Opinion
No. 43065.
November 5, 1956.
J. B. Nachman, Alexandria, A. D. Flowers, Jena, for relator.
Cameron C. Minard, Columbia, Martin S. Sanders, Jr., Olla, for respondents.
Upon application of Mrs. Bess T. Long, this Court issued an order directing that respondents, the Judge of the Twenty-eight Judicial District Court and the Sheriff of La Salle Parish, release relatrix on her own recognizance and show cause on October 2, 1956, why the relief prayed for should not be granted. The relatrix, under a writ of habeas corpus, was ordered incarcerated in the parish jail for a period of ten days or until she complies with the order of court, for failure to produce the body of the interdict Mrs. Eliza Taliaferro. She had served ten days in jail at the time of the filing of the application in this Court, and had been refused release by the district court. In her application, she contended that she had served the maximum sentence which could be imposed on her by law and that part of the judgment which sentenced her to jail until she complied with the order of the writ of habeas corpus was a nullity.
Since the submission of this case, this Court has taken under advisement an appeal from the interdiction of Mrs. Eliza T. Taliaferro, the person whose body the relatrix herein failed to produce and was sentenced therefor.

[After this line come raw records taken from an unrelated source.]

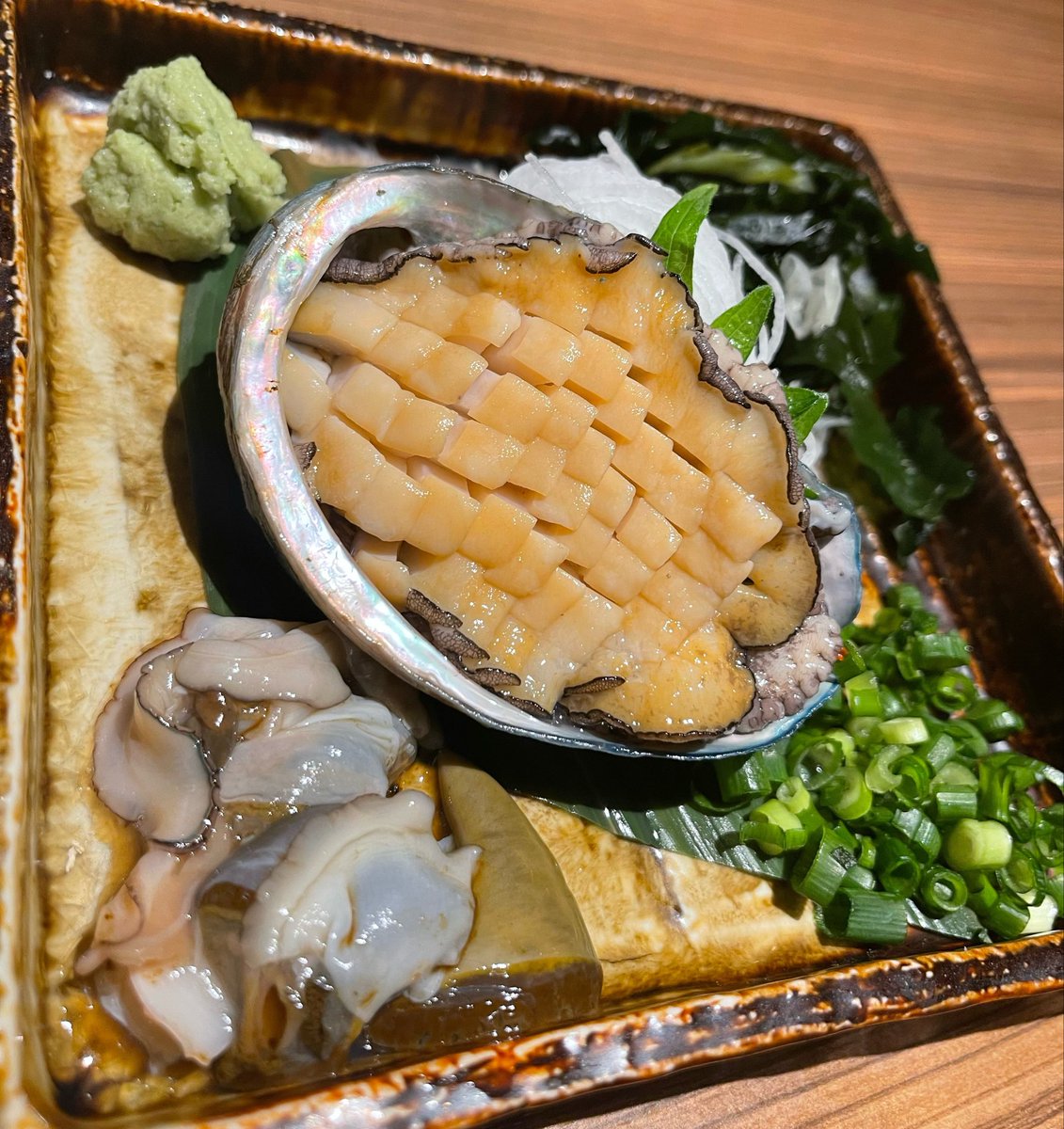 無限食欲🌱 tweet media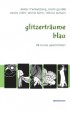 Lesung aus glitzerträume blau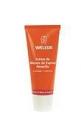Crema de manos espino amarillo weleda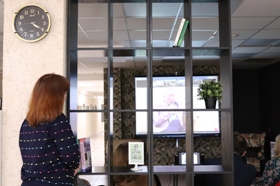 литМост с Юрием Вяземским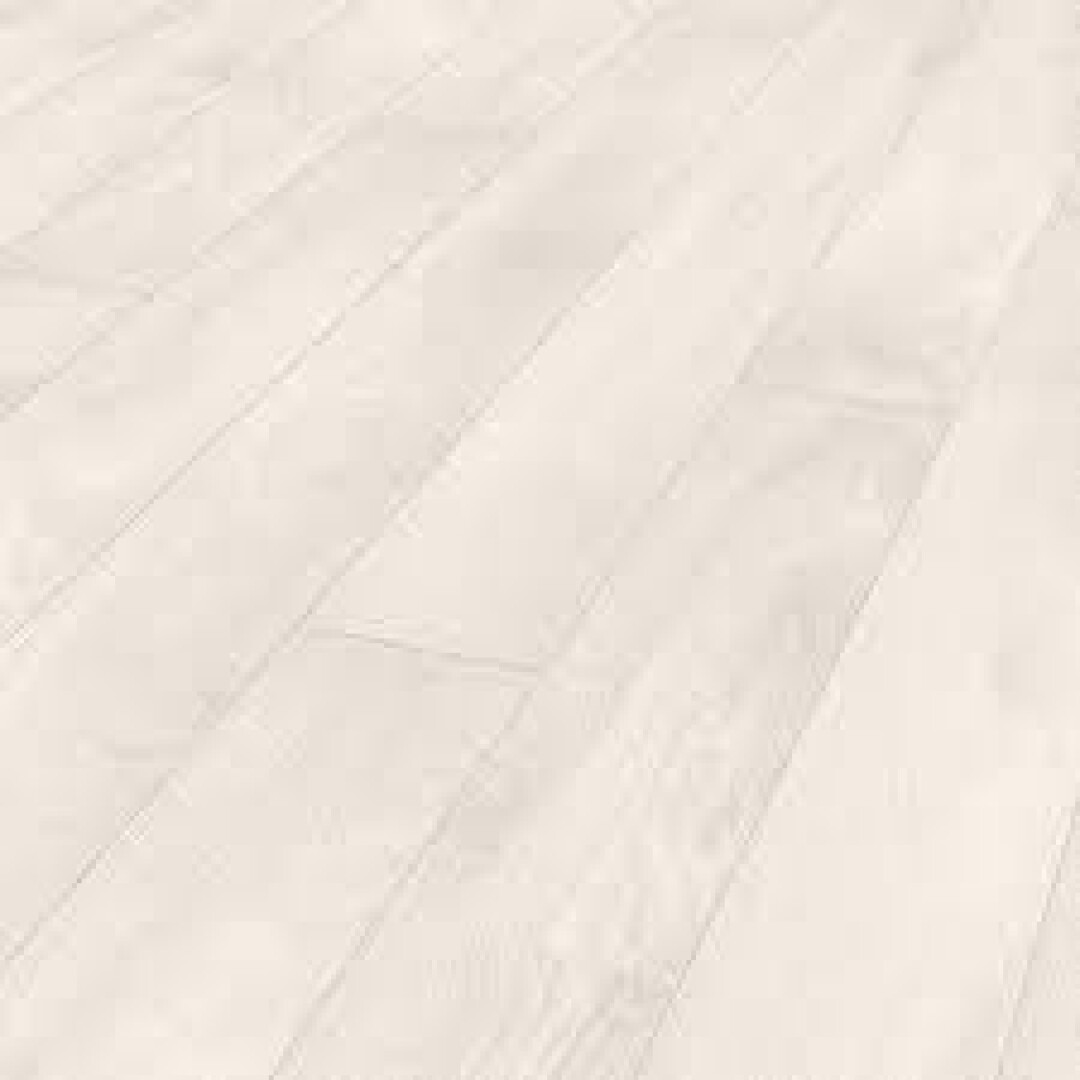 Product Image from the Gallery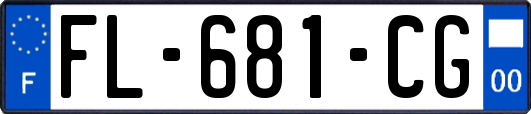 FL-681-CG
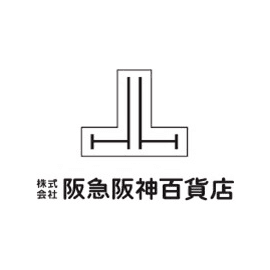 Hankyu Hanshin Department Store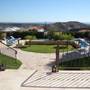 Горящие туры в отель Vineland Holidays Villas - Sheromyli - 5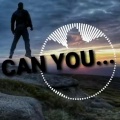 LOECHTRA - CAN YOU...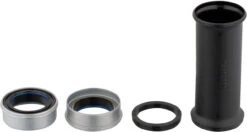 SRAM DUB Pressfit MTB Innenlager 104,5 Mm -Bicicleta Verkäufe 2024 293384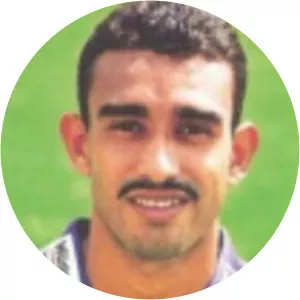 Juan Manuel Cárcamo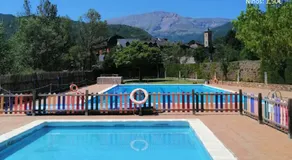 Casa de la Marmota - Image 3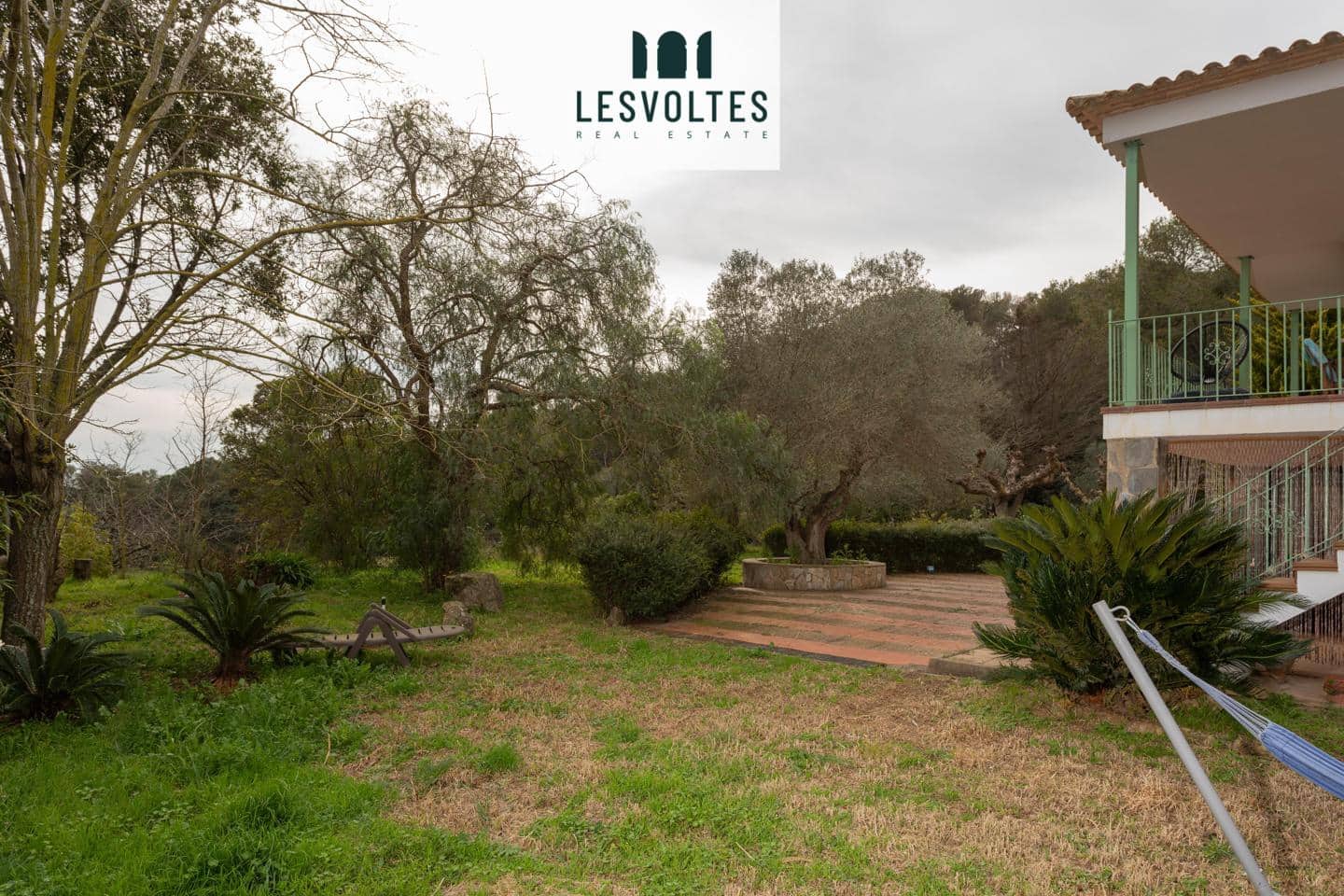 6 bedroom Villa for sale in Begur with pool garage - € 750,000 (Ref: 10081910)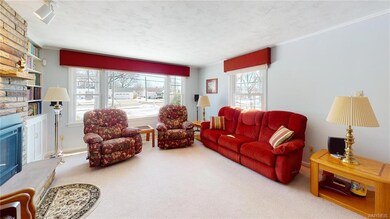 1564 Nash Rd, North Tonawanda, NY 14120 - photo 6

In an opinion handed down on this same day (November 5, 1956) in the suit entitled Interdiction of Taliaferro, 231 La. 394, 91 So.2d 578, we have dismissed the interdiction proceedings and hence the question of the legality of the sentence imposed in the habeas corpus proceeding is now moot. This Court on many other occasions has declined to decide moot questions. State v. Hayes, 199 La. 269, 5 So.2d 768; Pettingill v. Hills, Inc., 199 La. 557, 6 So.2d 660; Pellegrin v. City of Gretna, 222 La. 527, 62 So.2d 824; Freret Civil Association v. Orleans Parish School Board, 223 La. 407, 65 So.2d 893; Hirt v. City of New Orleans, 225 La. 589, 73 So.2d 471; State ex rel. Jackson v. Madden, 225 La. 786, 74 So.2d 29; Jefferson 7th Ward Social Club v. Grevemberg, 225 La. 607, 73 So.2d 777; Succession of Washington, 229 La. 862, 87 So.2d 9. What this Court said in the case of Pettingill v. Hills, Inc., supra, 199 La. at page 563, 6 So.2d at page 662, is appropriate herein: "It is the function of appellate courts to render judgments that can be made effective and not to give opinions on moot questions or abstract propositions from which no practical results can follow."
It necessarily follows, since the interdiction proceedings have been dismissed, the relatrix herein could not be sentenced for failure to produce the body of the interdict and any opinion we might render concerning the validity of that judgment would be abstract and without effect.
For the reasons assigned, the writ of habeas corpus is made absolute, the conviction and sentence are set aside, and the relatrix is hereby ordered discharged.
SIMON, J., dissents.
The judgment rendered by the majority of the court in this case is at this time premature for the reason that the judgment in the case of Interdiction of Taliaferro, 231 La. 394, 91 So.2d 578, is not yet final, the decision in that case being rendered on this day.